Copy from the first line below down to and including the line with "Portrait happy young woman gesturing OK". Skip the pictures.

START Given data

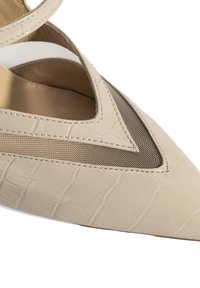Beige Lederpumps mit spitzem Zehenbereich, die ein geprägtes Krokodilmuster, ein Mesh-Ausschnitt und einen schmalen Riemen über dem Knöchel aufweisen. Glatte Textur.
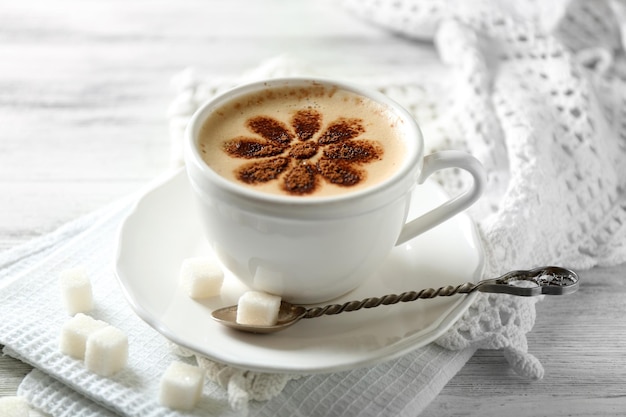 Cup of latte coffee art on wooden table on light background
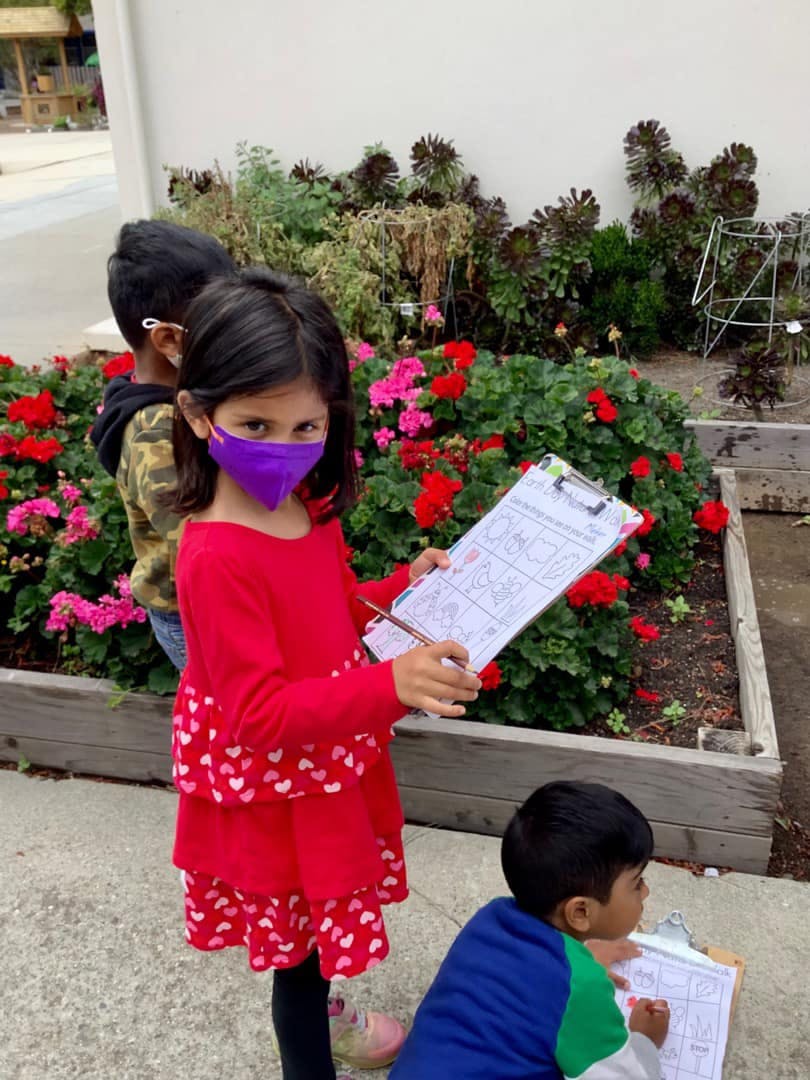 Child in a purple mask holding a clipboard with other children in a garden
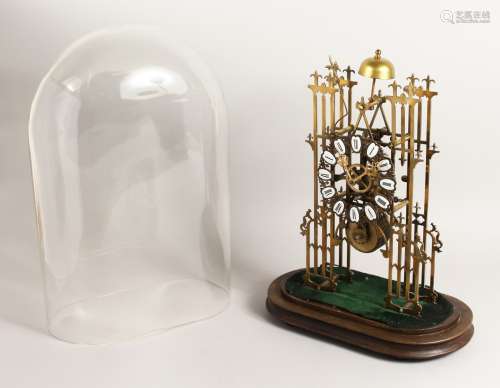 A VERY GOOD BRASS SKELETON CLOCK CATHEDRAL SHAPED, striking ...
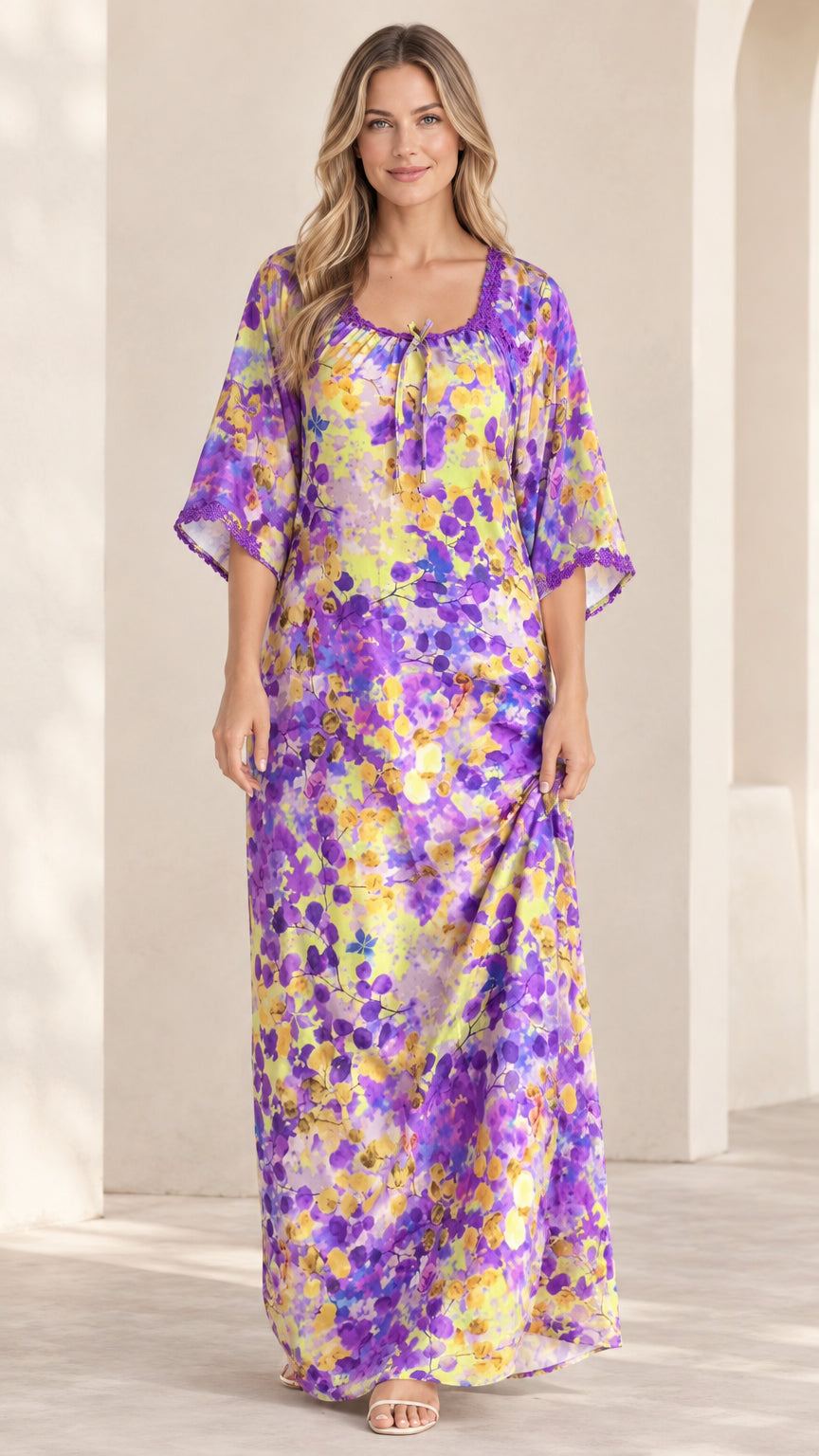 Front view of model wearing purple and yellow floral kaftan maxi dress with crochet lace neckline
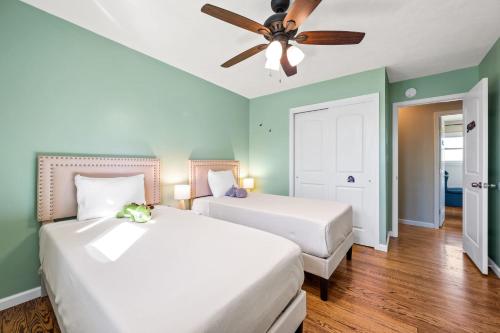 two beds in a room with green walls and a ceiling fan at 6 Min to Ark, Free Covered Parking, Deck and Grill in Williamstown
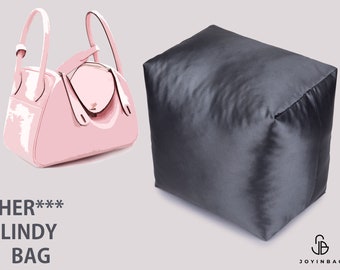 May include: A pink leather handbag with a top flap closure and two handles. The bag is sitting on a white surface. The text "HER*** LINDY BAG" is below the bag.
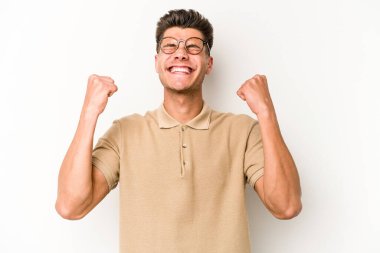 Beyaz arka planda izole edilmiş genç beyaz bir adam zaferi, tutkuyu ve coşkuyu kutluyor, mutlu bir ifade..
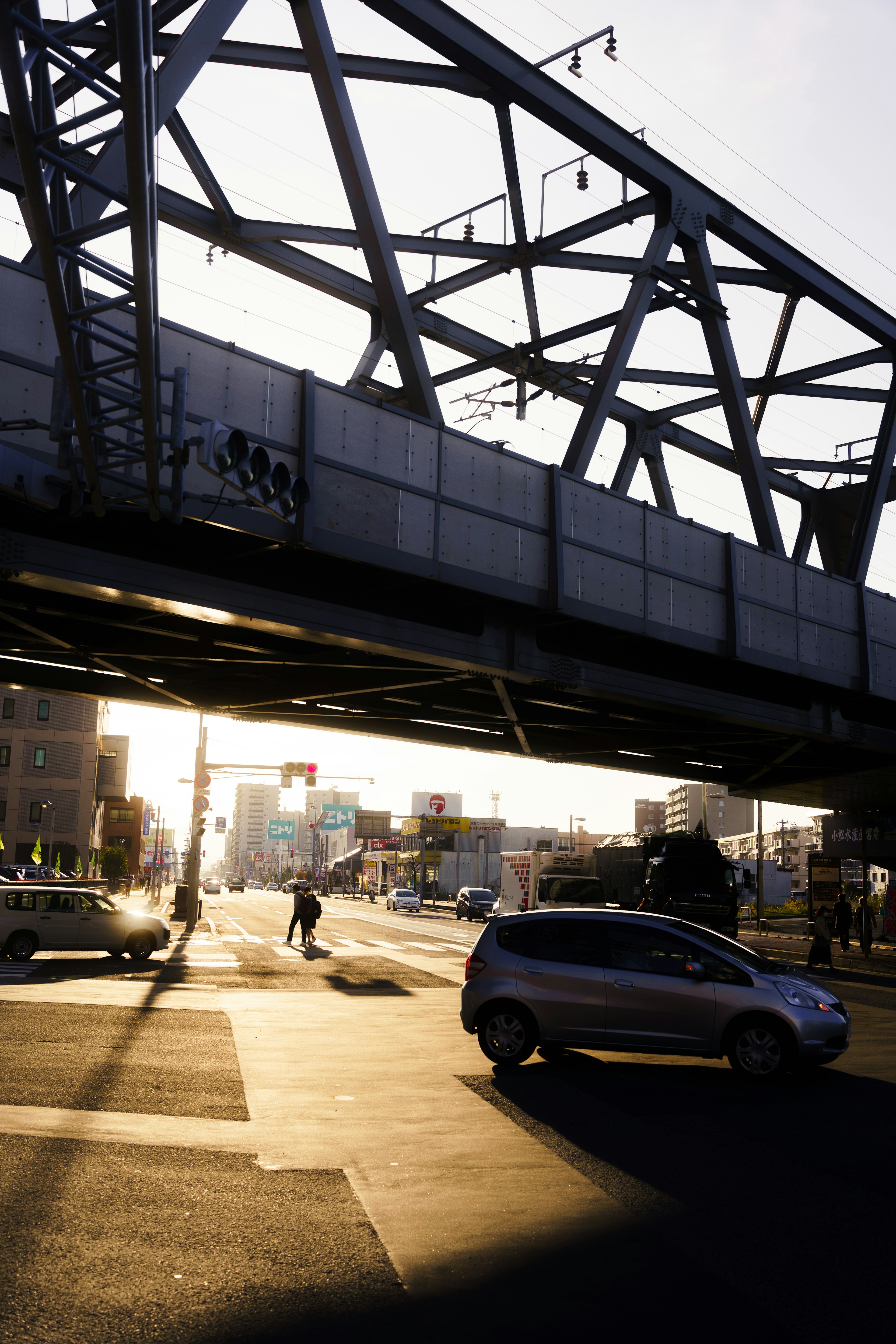 Une silhouette d'un pont ferroviaire au coucher du soleil avec des voitures traversant l'intersection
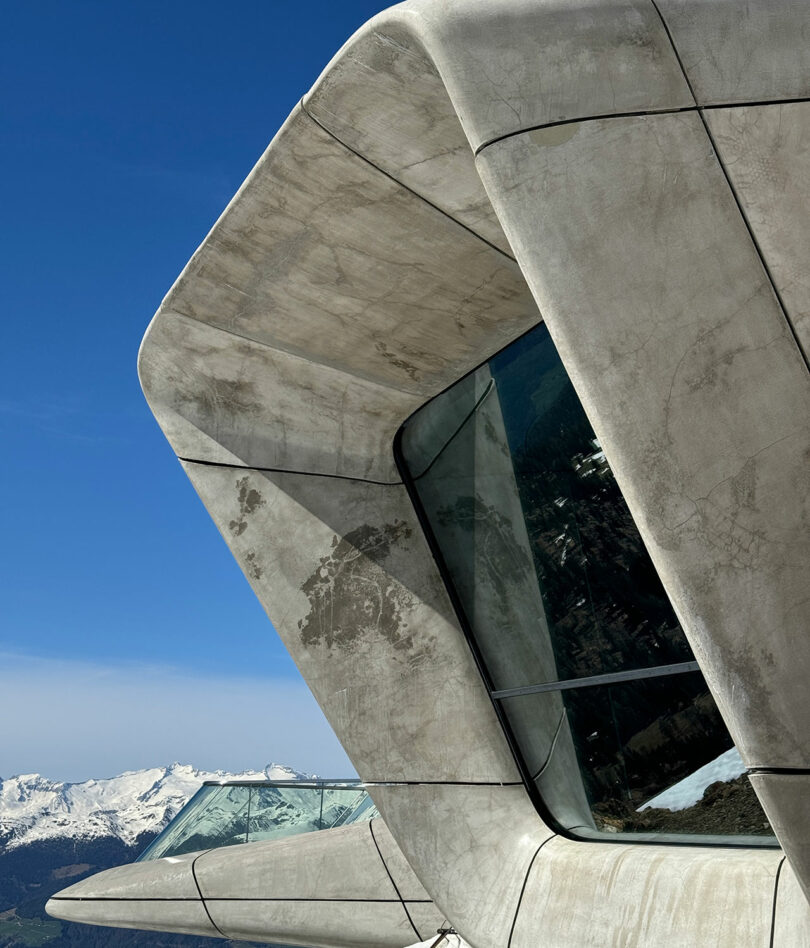 Vista cercana de un moderno edificio de hormigón en Camere con elementos angulares y grandes ventanales de cristal, con cielo azul y montañas nevadas al fondo.
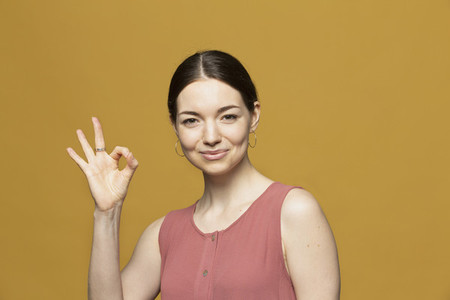Portrait happy young woman gesturing OK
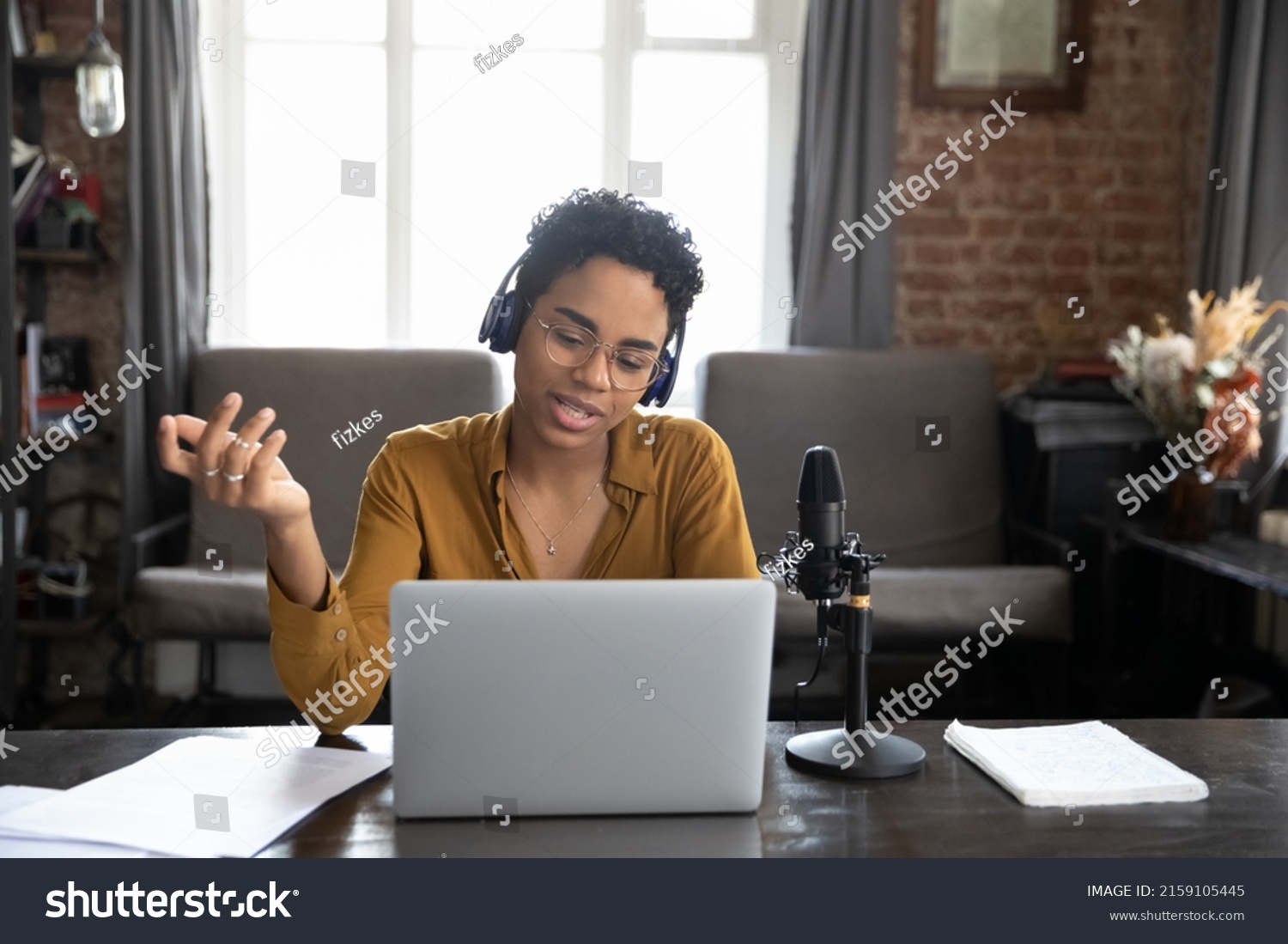 African woman wear wireless headphones sit at desk looks at laptop screen make speech talk into mike, records or lead live stream via internet in real time. Podcast, online radio program event concept #2159105445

END Given data

▶ _Your solution_
Beige Lederpumps mit spitzem Zehenbereich, die ein geprägtes Krokodilmuster, ein Mesh-Ausschnitt und einen schmalen Riemen über dem Knöchel aufweisen. Glatte Textur.
 Cup of latte coffee art on wooden table on light background
 Child in a purple mask holding a clipboard with other children in a garden
 A VERY GOOD BRASS SKELETON CLOCK CATHEDRAL SHAPED, striking ...
 Front view of model wearing purple and yellow floral kaftan maxi dress with crochet lace neckline
 two beds in a room with green walls and a ceiling fan at 6 Min to Ark, Free Covered Parking, Deck and Grill in Williamstown
 May include: A pink leather handbag with a top flap closure and two handles. The bag is sitting on a white surface. The text "HER*** LINDY BAG" is below the bag.
 Beyaz arka planda izole edilmiş genç beyaz bir adam zaferi, tutkuyu ve coşkuyu kutluyor, mutlu bir ifade..
 Une silhouette d'un pont ferroviaire au coucher du soleil avec des voitures traversant l'intersection
 Vista cercana de un moderno edificio de hormigón en Camere con elementos angulares y grandes ventanales de cristal, con cielo azul y montañas nevadas al fondo.
Portrait happy young woman gesturing OK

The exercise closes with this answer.